Likewise, many people here have asserted that the evil, big bad Republicans are just trying to hide something they feel uncomfortable with religiously, however what people on the Left don’t get about conservatives is that conservatives fear – above all other things – excessive government power when it comes to seizing property. They look at the excesses of the French and Russian revolutions and are worried that those purges/excesses will happen here. Rather than being ‘greedy late stage capitalists’, they see themselves as protecting the income sources that are needed by families and retired people. That is why the ‘Mikes’ you guys hate vote the way that they do. Are they afraid of disclosure or the aerospace industry being nationalized?

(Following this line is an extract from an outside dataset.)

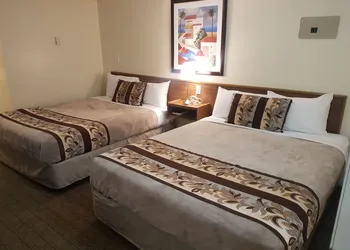 Parkway Motel & European Lodges hotel thumbnail 7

Now, back to the individual contractors: Obviously Lockheed Martin, Boeing, Northrop Grumman, and Raytheon want to make money. They are private, for profit companies. However they were – if all these allegations are true – given parts of this UAP technology by the government so that the tech could be back engineered and applied into other uses. They were making money, however they were also providing a service to their country. The US government simply does not have the people needed to conduct deep-level research. It is composed of career government employees, many of whom are basically just bureaucrats. While I respect organizations like the Army Corps of Engineers and USAF/USN research laboratories, they just don’t have the talent that Lockheed, Boeing, Northrop, Hughes, Bell, etc have or had. A trade off was involved, however these companies were arguably serving their country.

They’ve now invested money and, more importantly, intellectual capital into developing offshoot products and technologies. Sure, they may have gotten a ‘start’ with the NHI technology, but they’re the ones who had to figure it out. Who has had to deal with the weight of this subject? The average UFO researcher or some guy at Lockheed who has spent decades trying to get this stuff to work? The weight was always on their shoulder’s, not the public’s.

Finally, all of these companies have served the USA well. They built machines like the P-38 Lightning and B-17 Flying Fortress during WW2 and the SR-71 and B-52 after the war. They were part of the ‘Arsenal of Democracy’. From their perspective they are the good guys.